Is it bigger than a breadbox? (y/n) y
Is it a computer scientist?   (y/n) n
What was it? a chemist
What's a question distinguishing a computer scientist and a chemist?  Does it titrate?
And what's the answer for a chemist?   (y/n) y


Play again?  (y/n) y
Is it bigger than a breadbox? (y/n) y
Does it titrate? (y/n) y
Is it a chemist?   (y/n) n
What was it? Wally Wart
What's a question distinguishing a chemist and Wally Wart?  Is it concrete?
And what's the answer for Wally Wart?   (y/n) y


Play again?  (y/n) y
Is it bigger than a breadbox? (y/n) y
Does it titrate? (y/n) y
Is it concrete? (y/n) y
Is it Wally Wart?   (y/n) y
I got it!

Play again?  (y/n) n

Features

Your twenty questions should allow users to

Many of the questions can be yes/no questions. Please use the askyn function below to handle those. In particular, your game should always allow y to represent a "yes" answer. Also, n should always be allowed to represent a "no" answer. This will make the submissions simpler for the graders to try out!

Representation

For consistency, your game should always start with the question Is it bigger than a breadbox? and should have the objects spam and a computer scientists available as guesses if the user answers the initial question with a n or a y, respectively.
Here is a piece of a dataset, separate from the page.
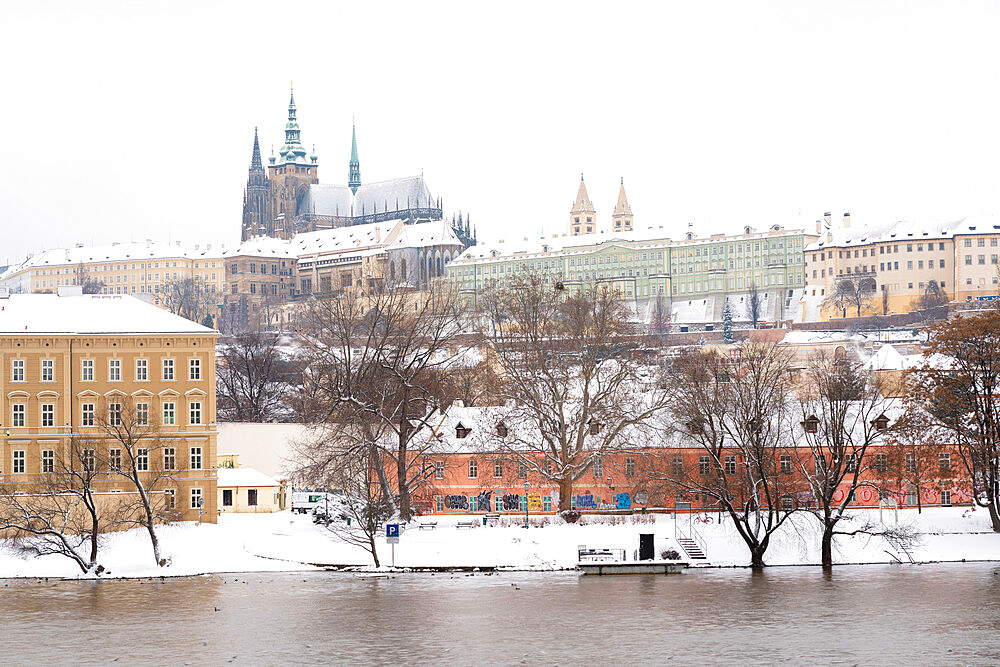 Prague Castle by Vltava river with snow in winter, Prague, Czech Republic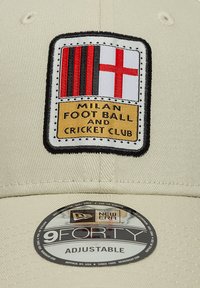 Beige baseball cap featuring a rectangular embroidered patch with red and black stripes, a white cross, and text reading "MILAN FOOT BALL AND CRICKET CLUB."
You are welcome to represent the game's data however you like. However as a guide to one possible representation (the one used for the example program demoed in class), you might consider a tree in which internal nodes are questions and leaf nodes are objects, e.g., 

(define initialTree '("Is it bigger than a breadbox?" "spam" "a computer scientist"))
Strings are likely the simplest data structure for questions and objects. The function string-append, along with the other string functions noted on the Scheme reference card may be of use.

Possible approach to 20Q...

As with the data structure, the choice here is yours. As one possible suggestion to get you started (if you'd like), consider the decomposition of the demo version, which included

  1. A function named (tq-once tree) that plays the game of 20 questions, as described above, and then returns the augmented tree after one complete round of the game. If the computer guesses the object correctly, it would simply return the same tree it was originally passed.
  2. A function named (tq-continuer tree) that calls tq-once in order to run one round of the game. When finished, this function should ask if the user wants to play again and take the appropriate action.
  3. A function named (twenty-questions) that calls tq-container using the default tree named initialTree.

Input:

Here are two functions demonstrating how to use (read-line) to grab a line of user input. The first tests the resulting value (which will be a string). The second is a more general-purpose question-asking function: 

(define (askyn Q)  ;; asks a yes/no question Q and returns #t or #f
  (begin
    (display Q)
    (display " (y/n) ")
    (if (equal? "y" (read-line))
        #t
        #f)
    ))


(define (ask Q)
  (begin
    (display Q)
    (read-line)))

Hints:    (feel free to disregard!)

The binary tree used in this game is slightly different than the numeric ones used earlier in the HW. In this case, the leaves are not empty lists; rather, they contain possible objects; internal nodes contain questions. After the first round in the example above, the tree's structure would be 

("Is it bigger than a breadbox?" "spam" ("Do you titrate?" "a computer scientist" "a chemist"))
Note that, by our convention, "no" traverses to the left and "yes" to the right.

A crucial facet of the game is that (tq-once tree) must return a valid twenty-questions tree from all of the different conditional branches it handles. That returned tree will be augmented by an additional question and an additional object if the previous run did not guess the object correctly. If it did guess the object correctly, the original tree will be returned.

The tq-continuer function will want to give a name to the value of that new tree (using let is one way to do this). It will then ask the user whether they would like to continue and use that new tree as appropriate.

As with any large functional program, the key is to break up the tasks into manageable chunks, write functions that handle those pieces, and then compose them into a solution. Write a number of helper functions that will keep your code succinct and straightforward.